• INFORMATION PROVIDED:
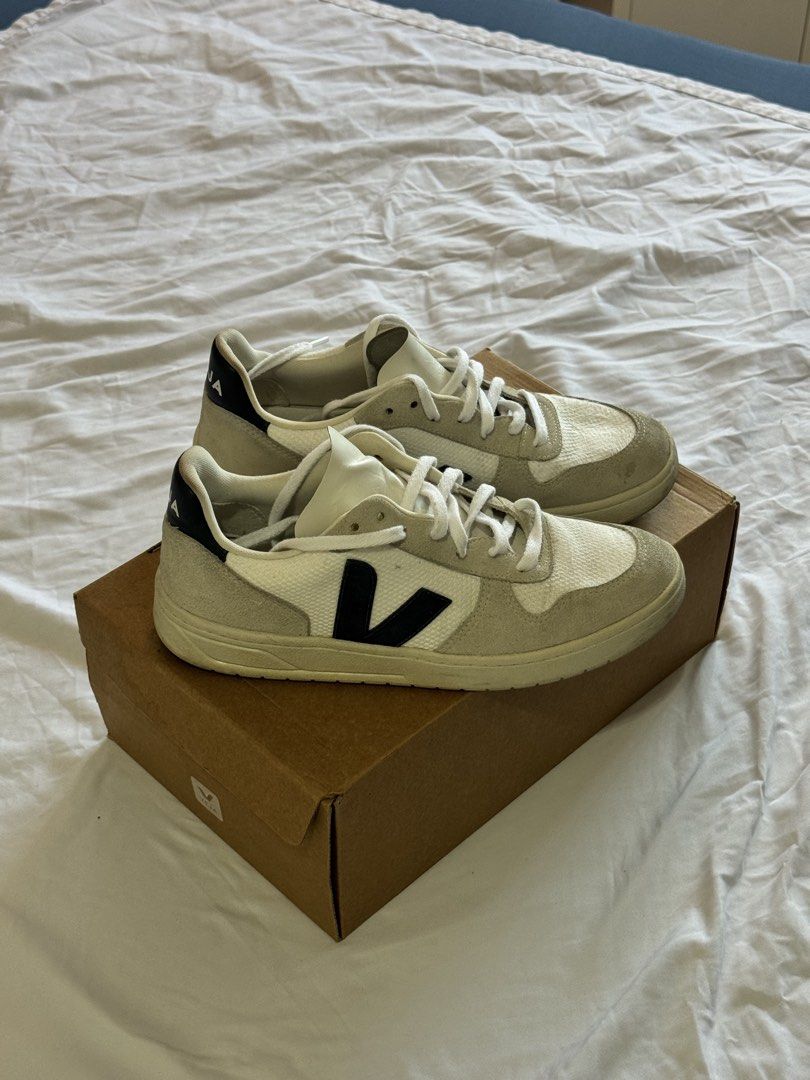 Veja V-10 Sneakers White Extra White Black (Category: Sneakers) located in Binan City. Submitted by truetree_717a49 (Listing ID 1467743676, Image 1). Description: VEJA V-10 B-Mesh White Nautico | Preloved Selling Price: ₱2,350 Size: EU 43 / US 10 (based on box label) Condition: Used, with visible signs of wear • White Nautico colorway • Minimalist design with contrasting VEJA branding • Visible dirt, discoloration, and signs of use • Please refer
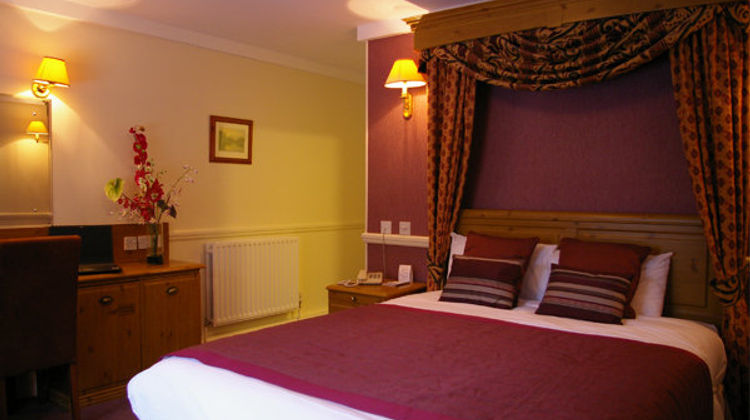 Farnham House Hotel Room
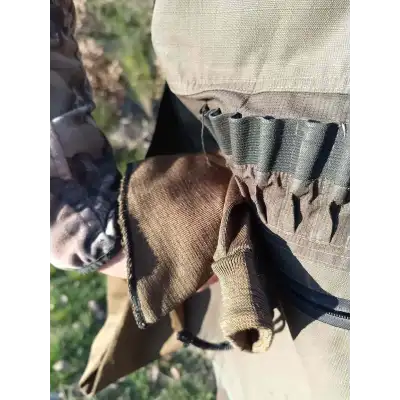 Cette chaussette pour fusil se range facilement dans la veste ou carnier Cette chaussette pour fusil se range facilement dans la veste ou carnier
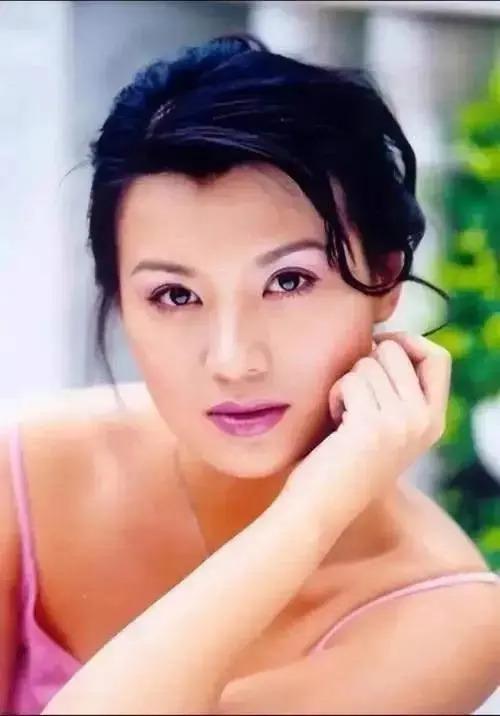 “李云龙娇妻”史兰芽：结三次婚，35岁带娃嫁李幼斌被宠成少女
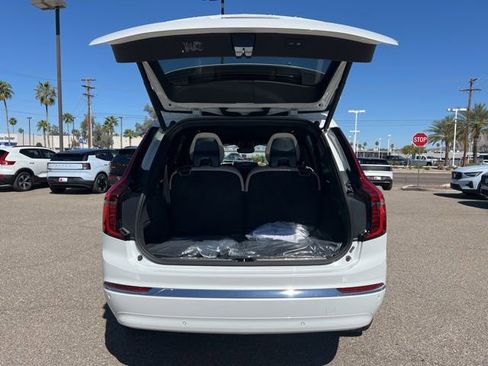 New 2026 Volvo XC90 B5 Core image 27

• YOUR INSTRUCTIONS:
No pictures should appear in the copy. Print exactly the lines above from the line containing "Farnham House Hotel Room" through the last line of the data.

• TASK ANSWER:
 Farnham House Hotel Room
 Cette chaussette pour fusil se range facilement dans la veste ou carnier Cette chaussette pour fusil se range facilement dans la veste ou carnier
 “李云龙娇妻”史兰芽：结三次婚，35岁带娃嫁李幼斌被宠成少女
 New 2026 Volvo XC90 B5 Core image 27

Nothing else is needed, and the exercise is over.